“Cancel culture” was begun as part of the #MeToo and other social justice movements, as a method of dealing with situations in which social media platforms, corporations, or authorities seemed unwilling or unable to act. For those unfamiliar with the idea, it means boycotting a particular personality, and encouraging others to do the same. In many cases it has made a difference in bringing justice when no other justice was forthcoming. It has resulted in big entities who otherwise might be inclined to ignore public opinion to take the steps of “cancelling” problematic people themselves.
I think we’ve reached a point, however, at which it’s time to consider restraint. Cancel culture can be brilliant when used wisely. But it can also be unnecessarily destructive. It can lead to condemning people who may not deserve condemnation on the flimsiest of evidence, denying a person who is otherwise decent the chance to grow and learn, “purity policing” in a way that divides people who might otherwise be allies on other issues, and throwing out what is good and useful along with what is problematic. In some cases, I genuinely believe it has even been weaponized by bad actors to divide and conquer among the people on the opposite side of an ideological divide.

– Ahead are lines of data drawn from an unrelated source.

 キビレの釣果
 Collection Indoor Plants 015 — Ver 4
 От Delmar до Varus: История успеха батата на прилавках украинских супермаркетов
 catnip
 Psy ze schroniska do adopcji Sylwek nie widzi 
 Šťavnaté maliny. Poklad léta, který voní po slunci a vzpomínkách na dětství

Guilty Until Proven Innocent
The Satanic Panic
I am old enough to remember the Satanic Panic in the 80s and 90s. For those who are not, this was a moral panic, started by a book called Michelle Remembers, in which Michelle Smith recalled a terrible past of buried memories involving horrific abuse at the hands of her parents, purportedly members of a Satanic cult, who routinely tortured and murdered and sexually abused children. All of a sudden, numerous copycat claims began to emerge.

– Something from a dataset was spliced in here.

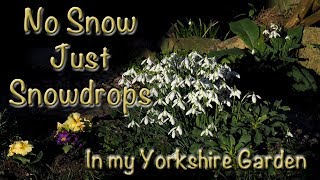 Snowdrops in my Yorkshire Garden [upl. by Suhcnip]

It became common knowledge that there was a secret Satanic cult operating at all levels of society. Evangelical Christians went on a warpath, seeking the members of this cult. They became convinced that rock music, video games, Dungeons & Dragons, and a whole host of other perfectly innocent activities were ways of recruiting people into the cult. A movement began to censor all of these things, leading right to investigations by the American government, in which such notables as Ozzy Osbourne and Dee Snider (of the hard rock band Twisted Sister) testified before a special commission before US Congress.

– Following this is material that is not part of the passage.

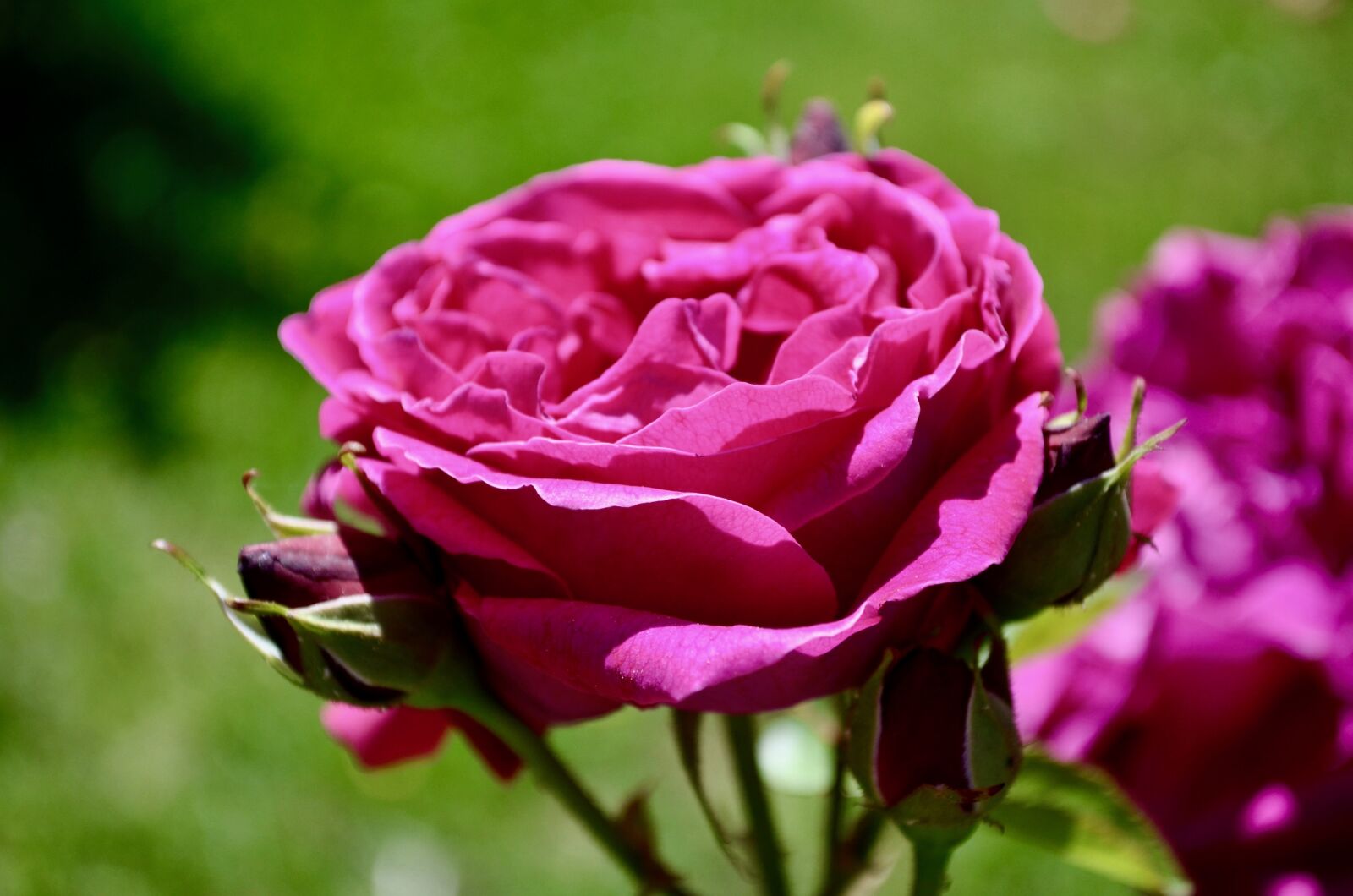 Nikon D5100 sample photo. Flower, pink, spring photography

During this time, I happened to be (as I still am) a member of a religious minority: a Neo-Pagan. Pagans quickly were assumed to all be members of this secret Satanic cult.
Painted by the Same Brush
During this time, I was harassed by the Ministry of Children and Families, as were most of my friends, some of whom had their children removed for no good reason. Three of those children were adopted out without parental consent, because their parents were judged to be too dangerous to raise children by virtue of their religion.
People were fired from their jobs; people I know. Public halls refused to rent to me for the public practice of my faith. One man was even convicted of murder because the investigating police didn’t like him and his “Satanic religion” (he was a Wiccan.)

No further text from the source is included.